Pack mentality

Today I am taking some stuff from one computer graphics program I’ve been writing and bringing it into another computer graphics program. My plan all along has been to put them together, but it was a lot easier to create them in separate pieces – each in its own workshop, at it were – and then assemble them together later.

The first program is a demo of how to get an interactive animated character to figure out where to place its feet when walking around in a virtual world. The second program is a demo of how those feet should actually move through the air between footsteps – how to lift a foot off the ground, land again, bend the toes, add more or less “spring” to the step, walk on tiptoe, and so on.
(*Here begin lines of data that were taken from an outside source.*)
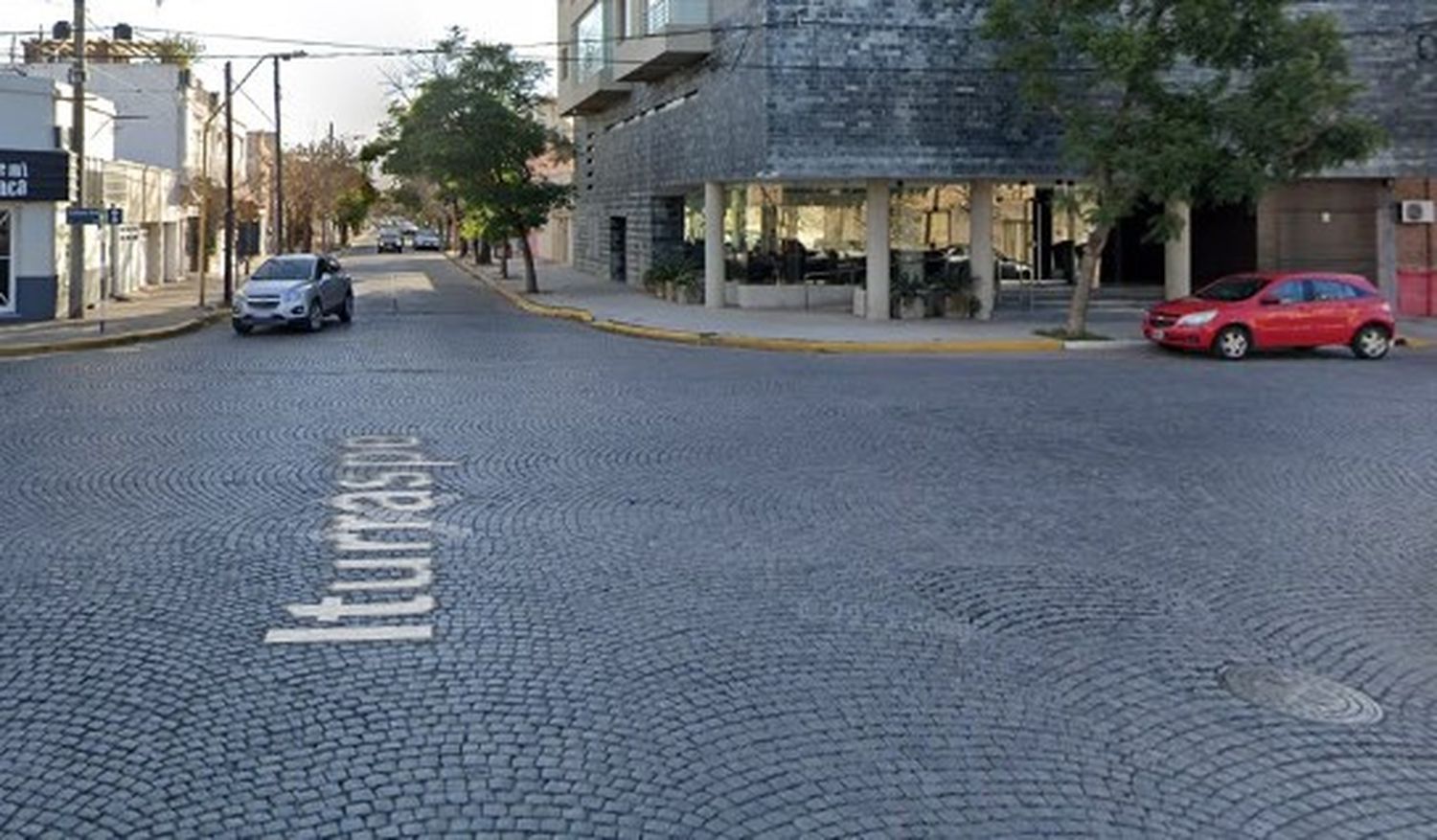 En ambos casos, intervienen las autoridades competentes para determinar las causas de los accidentes.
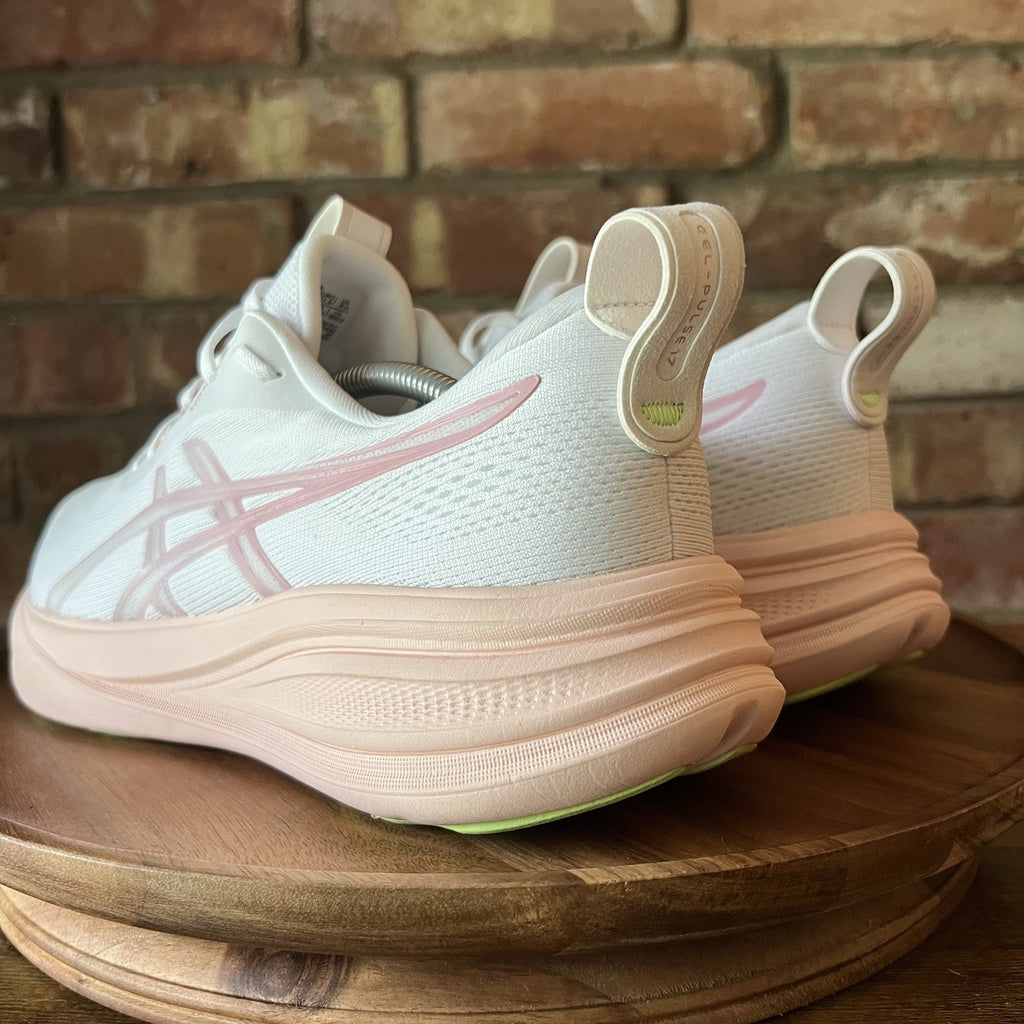 ASICS GEL PULSE 17 Neutral Balanced Running Women's 9.5 White Pink Shoes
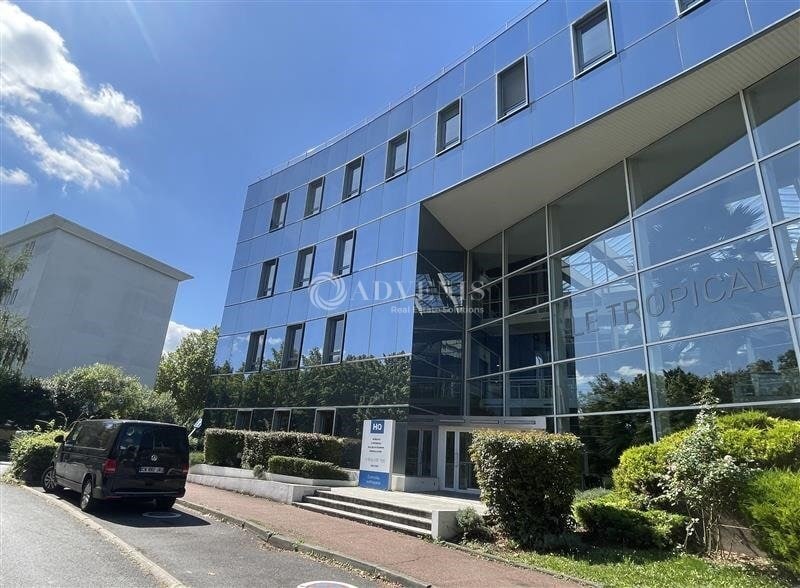 Office in Villepinte for lease Building Photo- Image 1 of 12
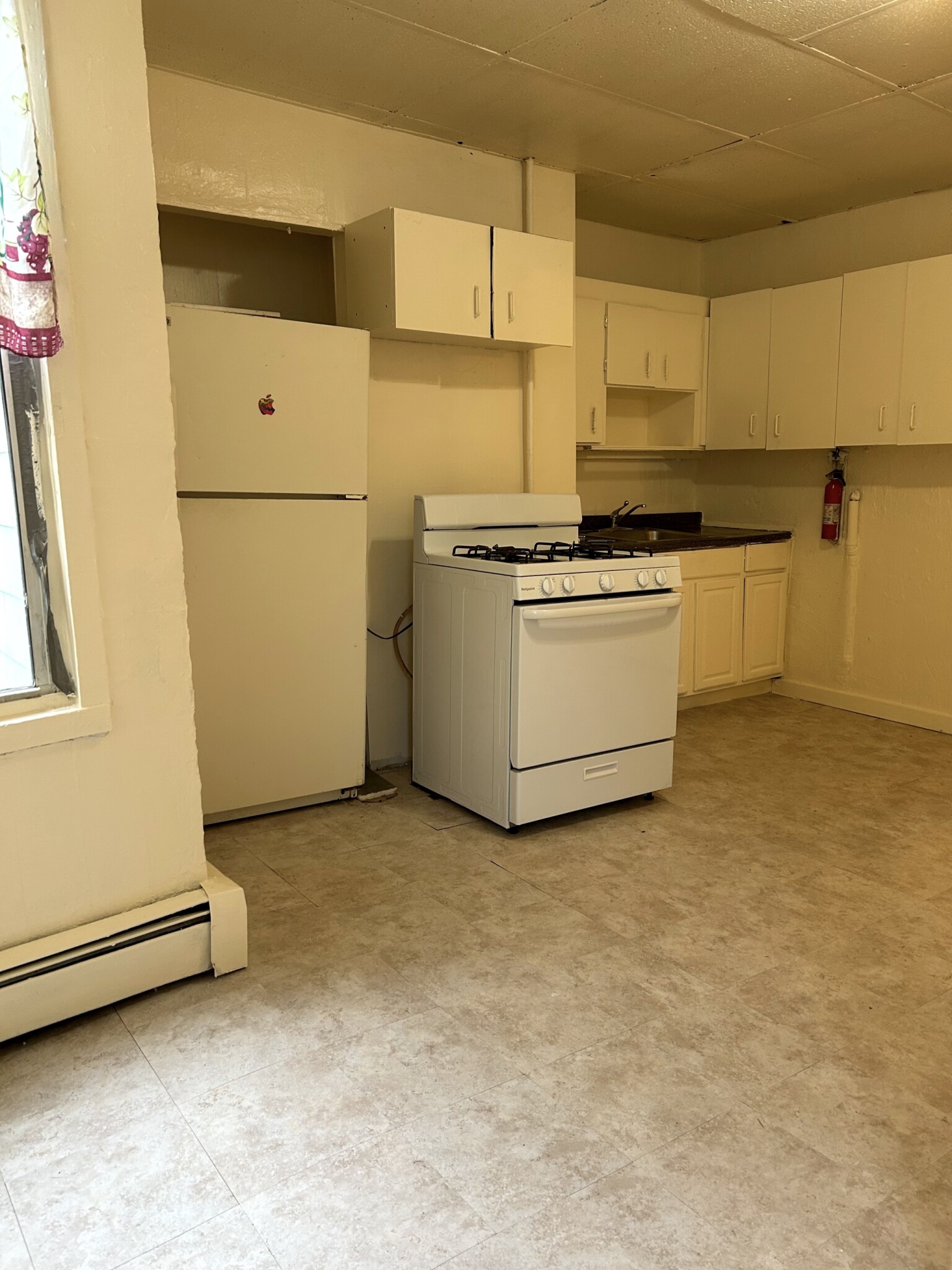 2 bed, 1 bath apartment for rent at 200 London St Unit 2, East Boston — photo 7 of 11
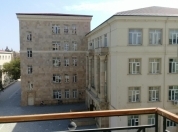 Satılır 4 otaqlı 130 m2 köhnə tikili İçəri Şəhər m.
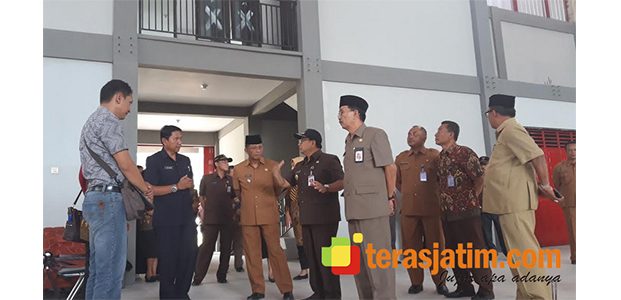 Bupati Blitar Tinjau Pembangunan Pasar Kanigoro Bupati Blitar Tinjau Pembangunan Pasar Kanigoro
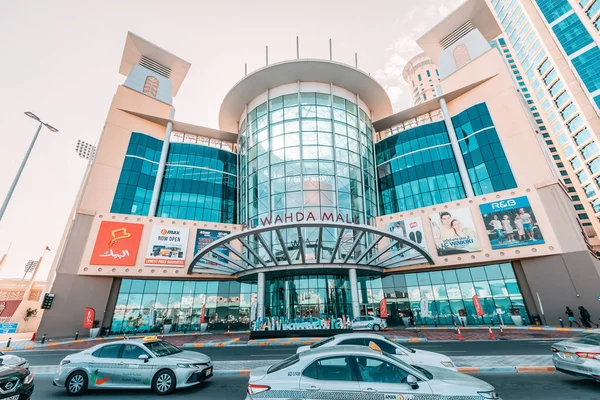 2023 Január Abu Dhabi Egyesült Arab Emírségek Wahda Mall Forgalmas — Stock Fotó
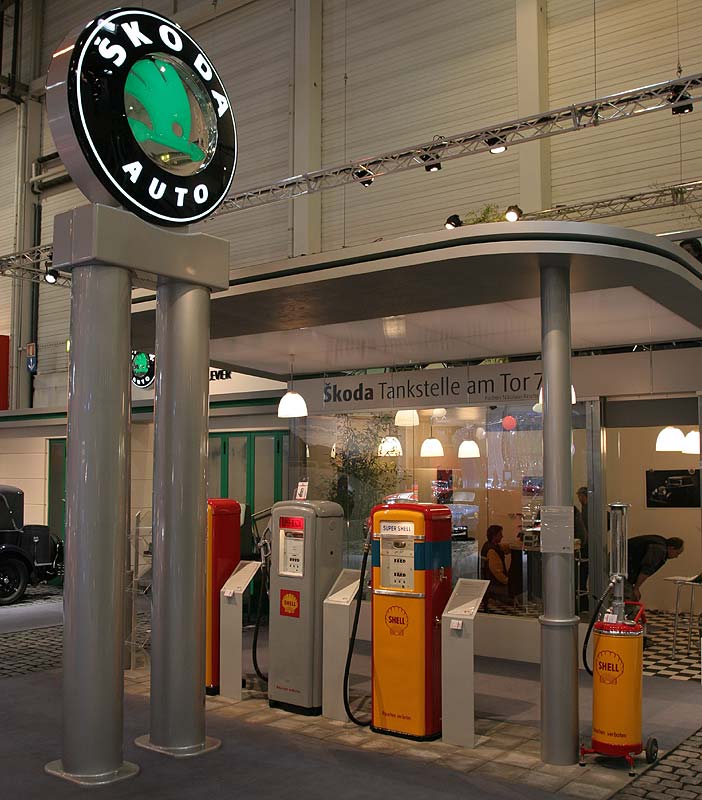 Skoda Tankstelle auf der Techno Classica 2006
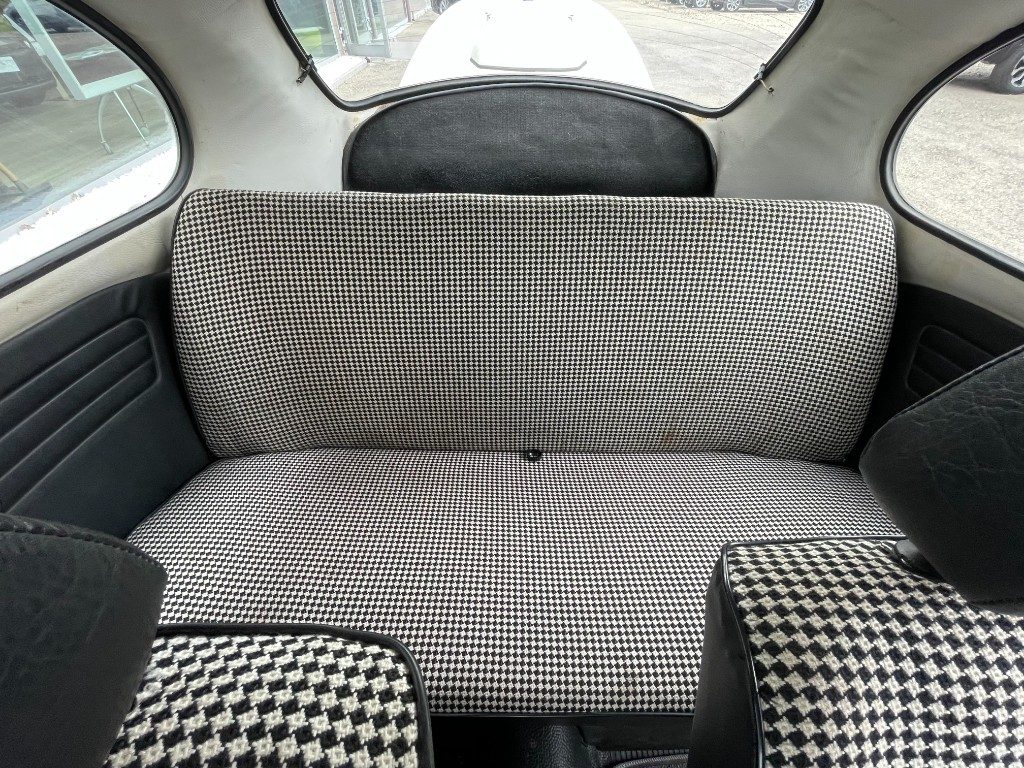 Volkswagen Maggiolino  11 D 11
To do this I need to separate out the “demo part” of the code in the first program from the core stuff that does the actual work. By “demo part” I mean that part of the program responsible for displaying things on the screen in nice shapes and colors, as well as the sliders, buttons, and all the other widgets that let you play around with the program. Those parts of the code are important – like the the steering wheel and body and tires of your car – but I don’t really need to take anything with me except the engine and transmission.

It occurs to me, thinking about what I am doing, that essentially I am packing up for a trip. I need to figure out what is essential to take with me – what won’t already be available where I am going – and to avoid lugging around too much other stuff that’s hard to pack and that I can probably find anyway at my destination.

And so for the first time in my life I understand that the notion of “packing up stuff to take with you” is not really situated in the real physical world – that is just one example of where this notion shows up. Rather, it is situated in the mind – in our human brains. We create the concept of packing, because that’s the way our minds work, and then we impose this concept onto the physical world around us.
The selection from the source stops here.